EXERCISE DESCRIPTION
What is wanted is every line below from the one with "ERP Intelligent Neurons" up to and including the one with "Tummy Tuck After", retyped exactly, pictures excluded, nothing else.

[Start of section]

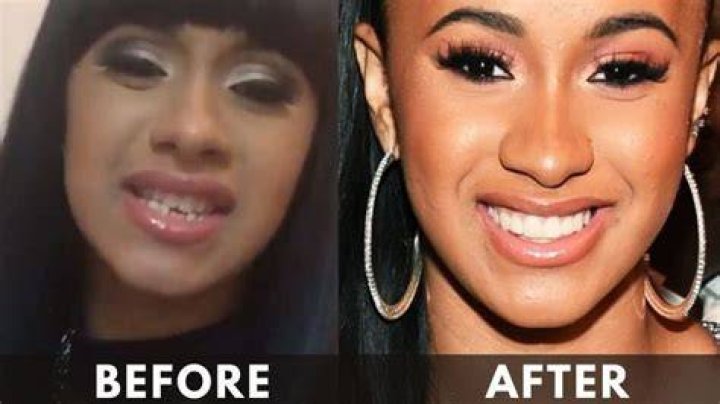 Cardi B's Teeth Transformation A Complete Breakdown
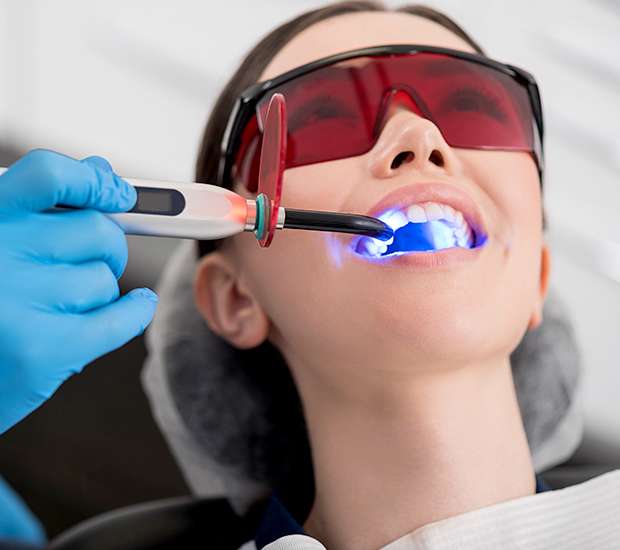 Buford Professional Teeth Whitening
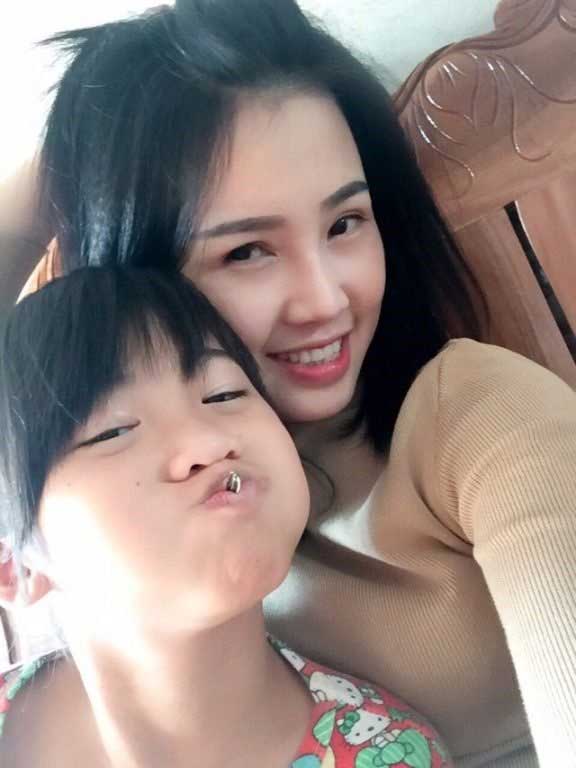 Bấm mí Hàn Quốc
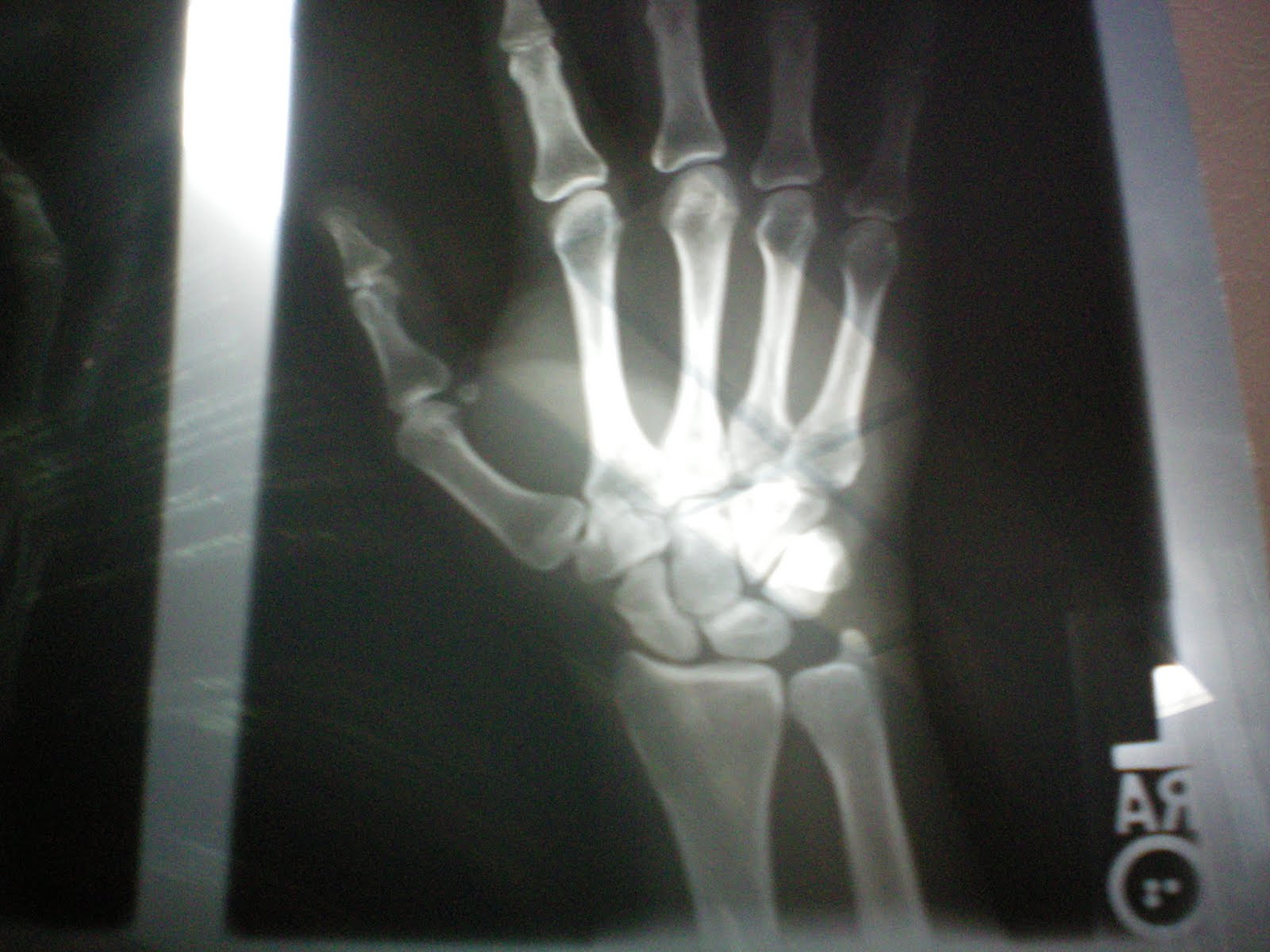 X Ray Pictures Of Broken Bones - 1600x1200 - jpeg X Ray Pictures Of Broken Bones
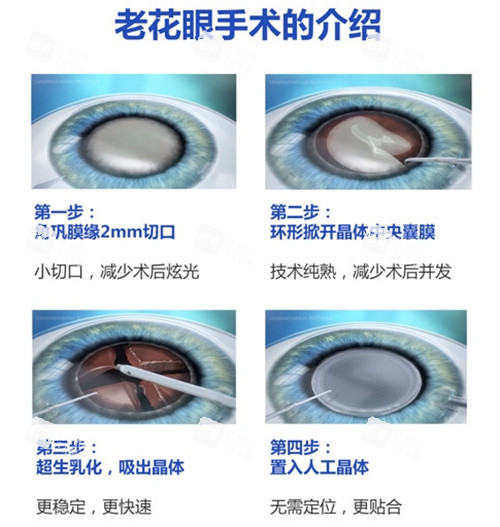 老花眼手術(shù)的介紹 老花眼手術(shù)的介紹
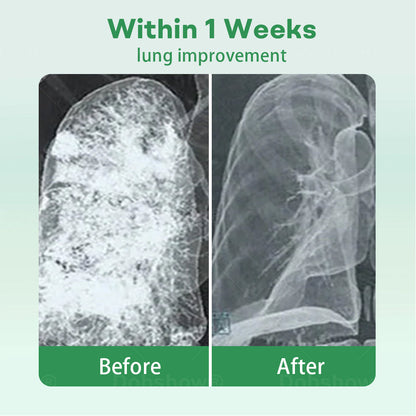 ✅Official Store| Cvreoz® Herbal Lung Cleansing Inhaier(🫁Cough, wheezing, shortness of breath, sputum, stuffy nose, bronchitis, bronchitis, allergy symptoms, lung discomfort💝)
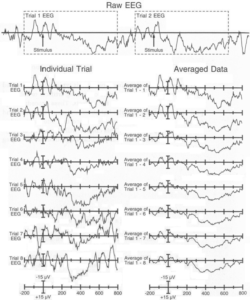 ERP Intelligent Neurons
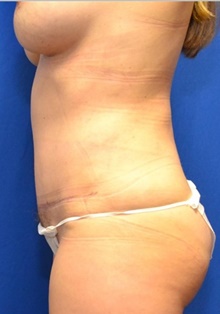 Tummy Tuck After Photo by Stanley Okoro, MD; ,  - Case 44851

[End of section]
[Start of section]

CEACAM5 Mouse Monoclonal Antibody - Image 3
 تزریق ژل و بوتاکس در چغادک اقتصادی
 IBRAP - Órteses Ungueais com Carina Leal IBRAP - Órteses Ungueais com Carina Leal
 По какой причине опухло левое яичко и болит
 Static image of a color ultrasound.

[End of section]

RESPONSE TO THE EXERCISE
 ERP Intelligent Neurons
 Tummy Tuck After Photo by Stanley Okoro, MD; ,  - Case 44851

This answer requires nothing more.